» **Dataset items**:
------------------------------

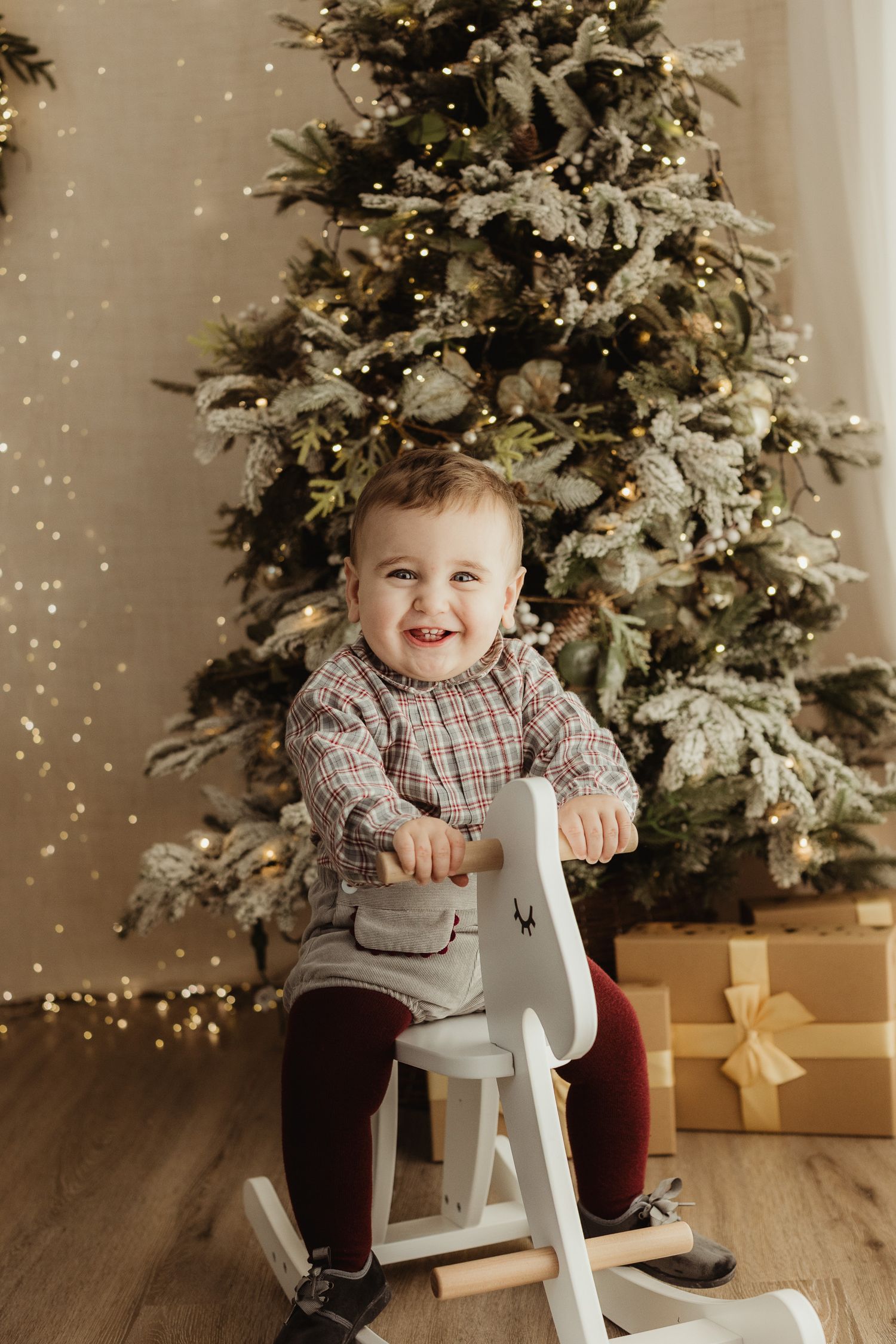 Adorable baby boy in plaid shirt holding a gold glitter Christmas ornament ball while sitting near a decorated tree.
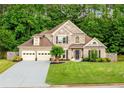 Charming two-story brick home with a three-car garage and lush green lawn at 3707 Lance Bluff Ln, Duluth, GA 30097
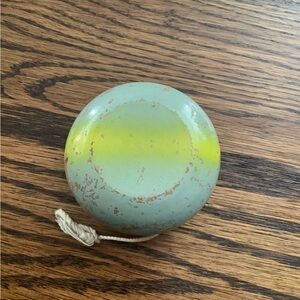 Classic vintage wooden Yo-Yo in Mint Green and Yellow.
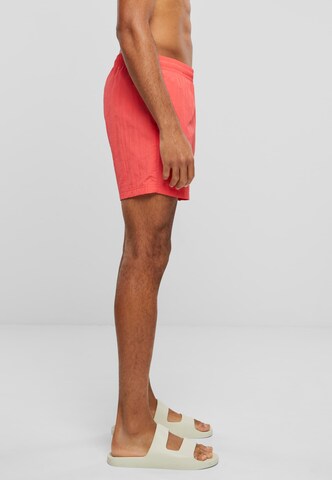 regular Pantaloni di Karl Kani in rosso
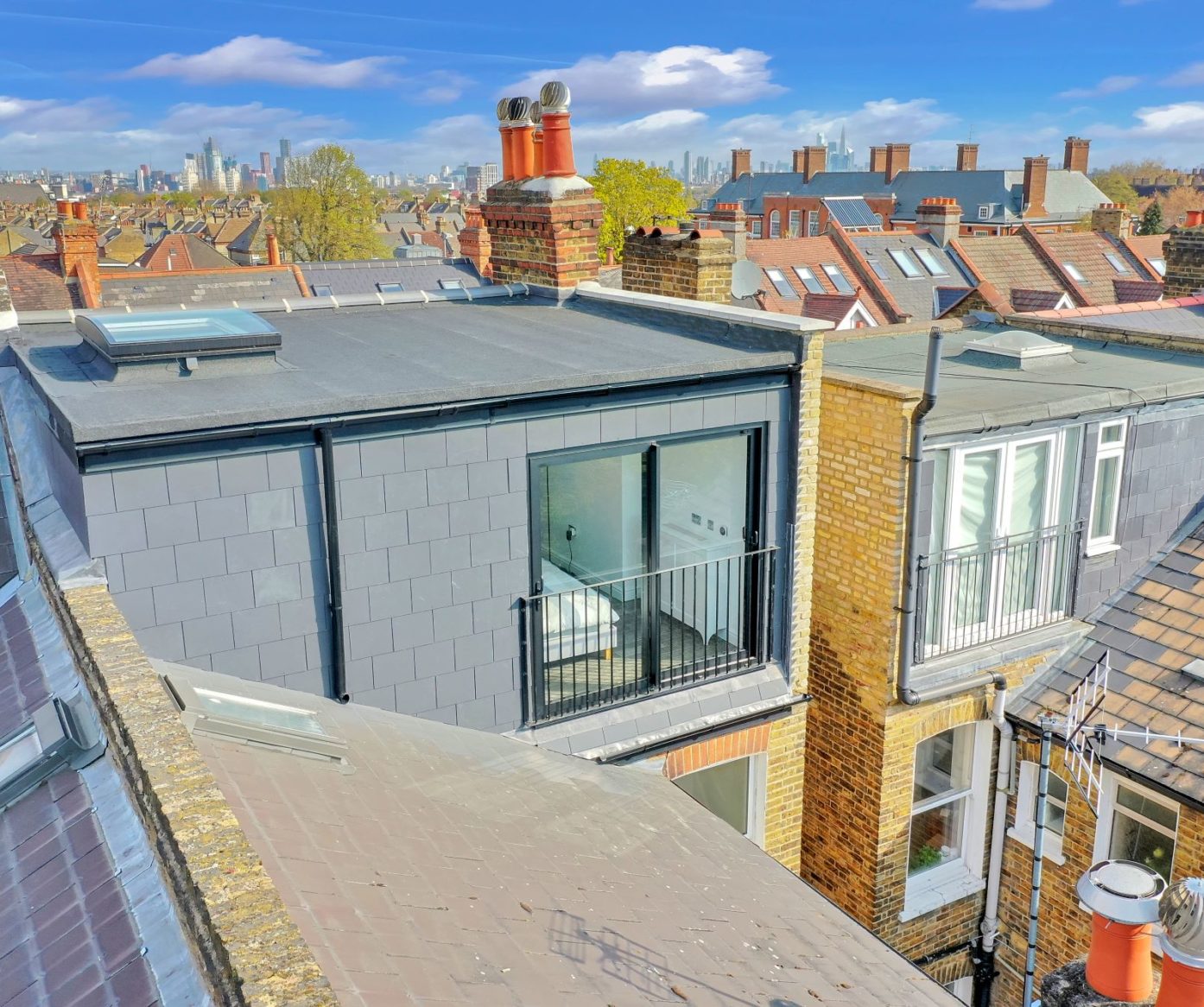 Rear loft exterior with French doors, grey cladding, roof-level view and neighbouring roofs, supporting Crystal Palace loft conversion content.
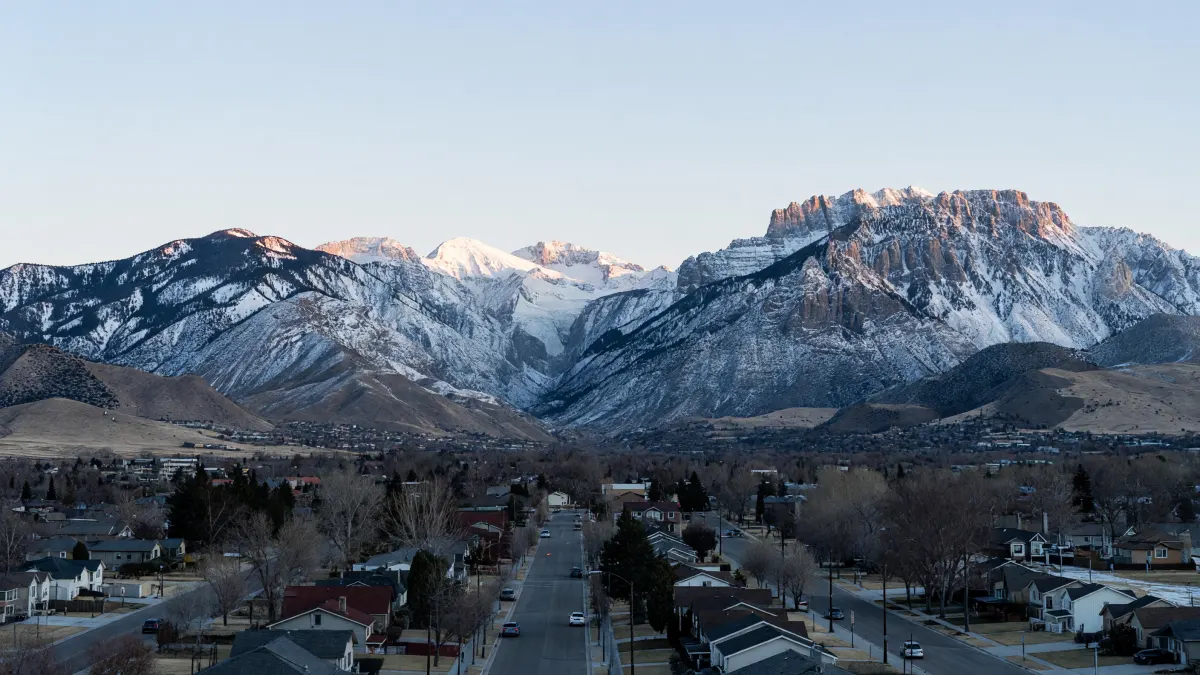 First light on Lone Peak and the mouth of Little Cottonwood Canyon above the quiet streets of Sandy, Utah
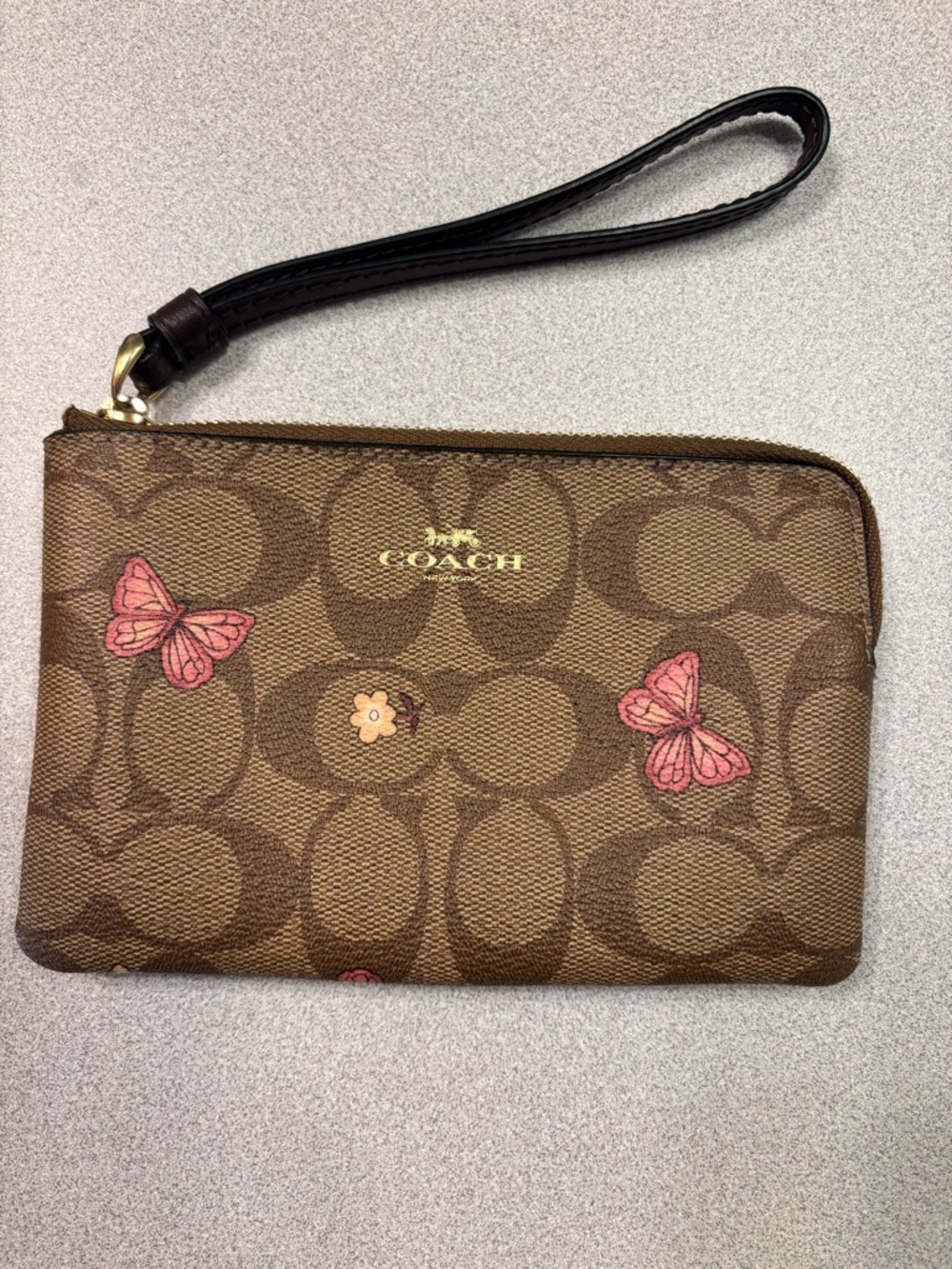 COACH Brown Signature Butterfly Wristlet with Pink Accents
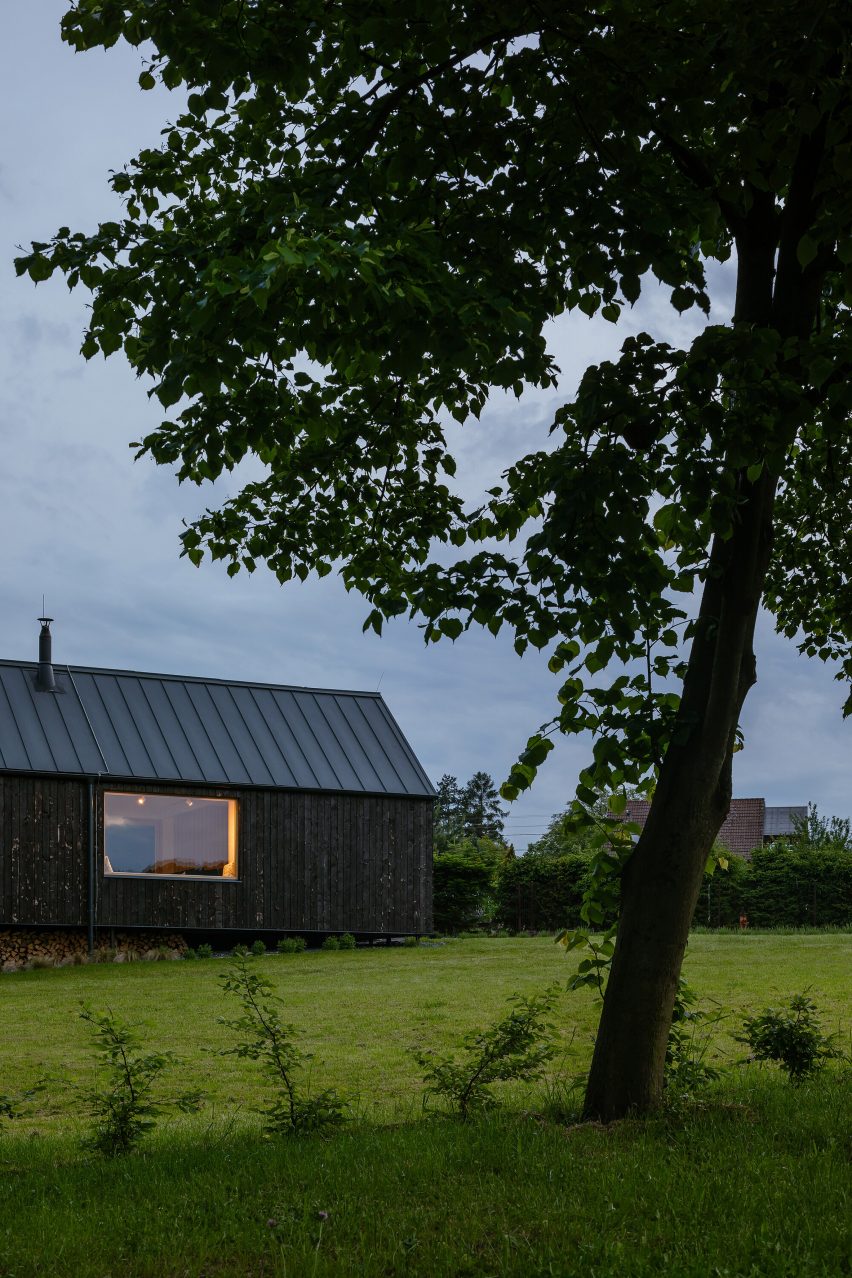 Exterior of House with In-Law Suite by KLAR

------------------------------

» **What to produce**:
Repeat the records above word for word. Pictures stay out of the copy.

» **Solved exercise**:
 Adorable baby boy in plaid shirt holding a gold glitter Christmas ornament ball while sitting near a decorated tree.
 Charming two-story brick home with a three-car garage and lush green lawn at 3707 Lance Bluff Ln, Duluth, GA 30097
 Classic vintage wooden Yo-Yo in Mint Green and Yellow.
 regular Pantaloni di Karl Kani in rosso
 Rear loft exterior with French doors, grey cladding, roof-level view and neighbouring roofs, supporting Crystal Palace loft conversion content.
 First light on Lone Peak and the mouth of Little Cottonwood Canyon above the quiet streets of Sandy, Utah
 COACH Brown Signature Butterfly Wristlet with Pink Accents
 Exterior of House with In-Law Suite by KLAR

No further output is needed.